Monday, August 3, 2009

SLAPP happy

Any of you ever watch HBO's "The Wire"? It's all done now and it never made it big with audiences but it was the best damn cop drama I've ever seen. It took a couple of episodes to get into it. I almost gave up on it. Seemed too dry, too convoluted. Hell, I had to pay attention; think, even, when watching that show. If I'd dropped it after the second episode, that would've been my big loss because once I got into it, it was like crack. But in a good way.

One thing about the show was that it took no prisoners. Everyone was guilty of something: all the gang bangers were guilty of something, of course, and the mobsters, of course, but so were all cops, politicos, lawyers, union workers, teachers. Everyone had an angle, had some fucked-upness to deal with. No one was spit polished. Everyone was dirty, dented and real.

One message from the show that stands out loud is how corruption is at the core of pretty much any institutional human endeavour. People can pretend it's all above board, that working hard gets us ahead, that holding onto those high moral standards reaps rewards. But, no matter how pure and true we pretend our intentions are, there's a huge chunk of what we do that's all about grabbing as much power and money as we can get our hands on, especially when the other guy isn't looking, and when everyone's grabbing for stuff, there's bound to be fighting, big and small, private and public. And when everyone's grabbing for stuff, there's bound to be some who hardly get anything at all. That guy who holds true to principles, ethics, rules - that's usually the guy who gets hardly anything at all.

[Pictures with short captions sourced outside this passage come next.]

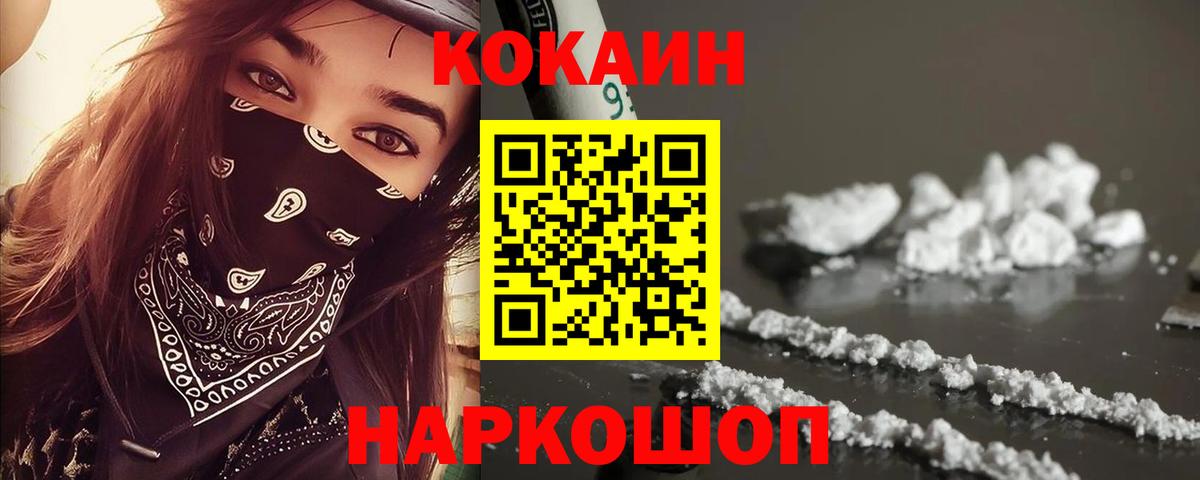 COCAIN Fish Scale  Вход с VPN  COCAIN Эквадор  Саров 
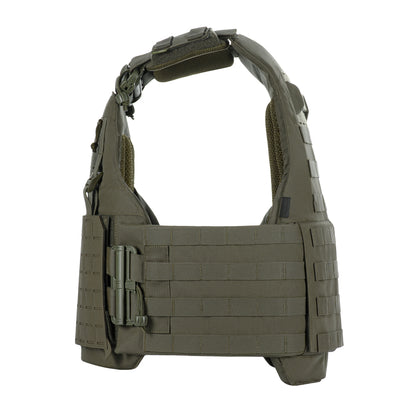 Armored Vest Cover Sturm Elite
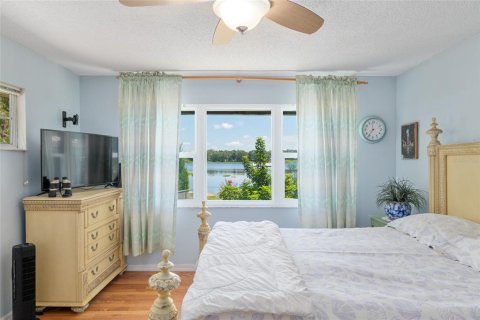 House in Hawthorne, Florida 3 bedrooms, 150.32 sq.m. № 1791961 - photo 30
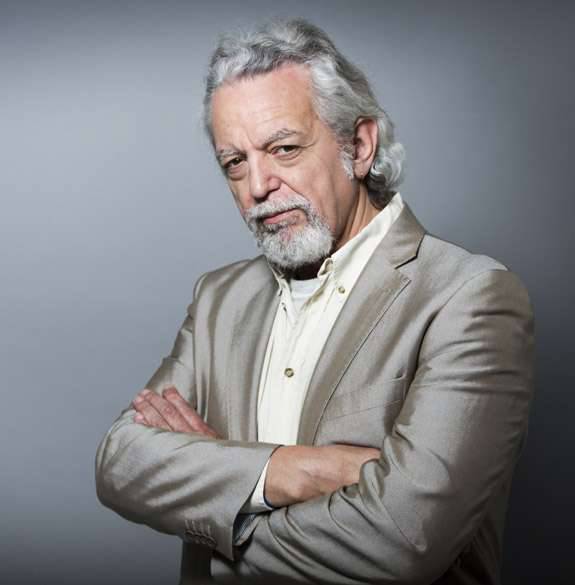 Alber Ponteren film laburrak emango dituzte gaur Modelon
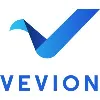 Vevion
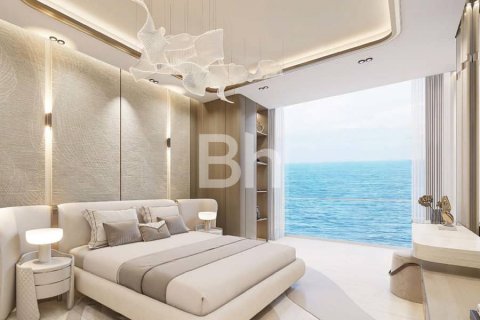 Apartamento en venta en Dubai, EAU 34 m2 № 643013 - foto 4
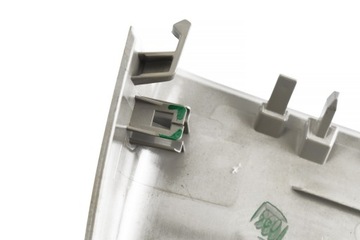 фото thumb №7, Дзеркало заднього виду внутрішні корпус 5e3868437a skoda octavia iv nx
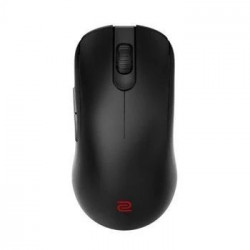 BenQ Ratón inalámbrico Gaming Zowie FK2-DW 4K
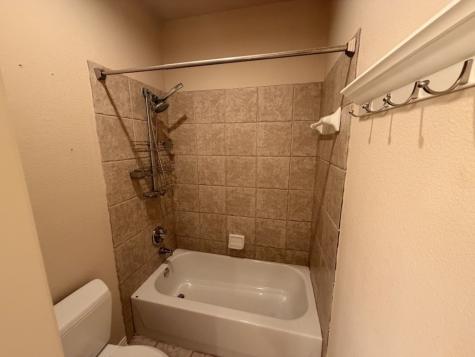 2185 Clubview Drive Rockwall TX 75087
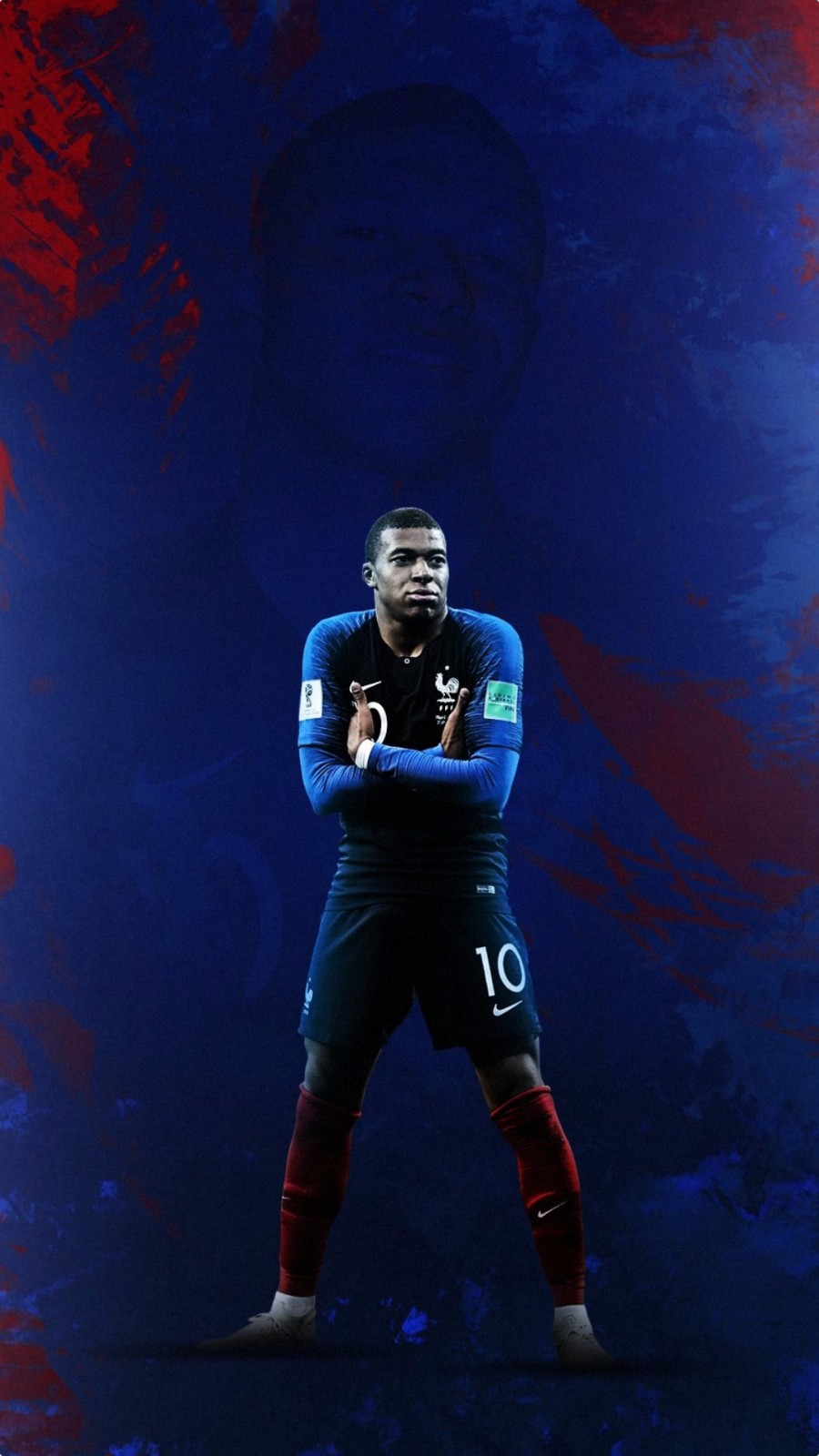 离世球迷姑姑：戴琳明知道潘硕昏迷了，还要求潘硕跟他对账（离世球迷姑姑称：戴琳明知潘硕昏迷仍要求潘硕对账）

It's all chaos out there though, sometimes, by some almost superhuman effort and lots of good luck the good guys win, sort of, but usually it's the bad guys who end up with the trophy because bad is the natural order of things with us.

They could write the same story for any human endeavour. They could easily write the same story for the animal welfare community.

I get sick of the stuff I read, of the stuff I hear. All these people who say they care for animals and all they do is use animals to pad their bank accounts or inflate their power lusting, bloated egos and in almost all these cases there's nothing anyone can do to penetrate the bullshit because it's all so wrapped up in backdoor politics and cash filled envelopes and unenforceable, outdated legislation. And when anyone does try to speak up, the person gets accused of being malicious or slanderous or breaking confidentiality agreements. The person gets hit with a SLAPP suit.

SLAPPs are a beautiful thing for the well-moneyed who don't want their secrets getting out. SLAPPs or Strategic Lawsuits Against Public Participation are used by lawyers representing the ethically questionable but cash endowed to intimidate and silence opposition voices.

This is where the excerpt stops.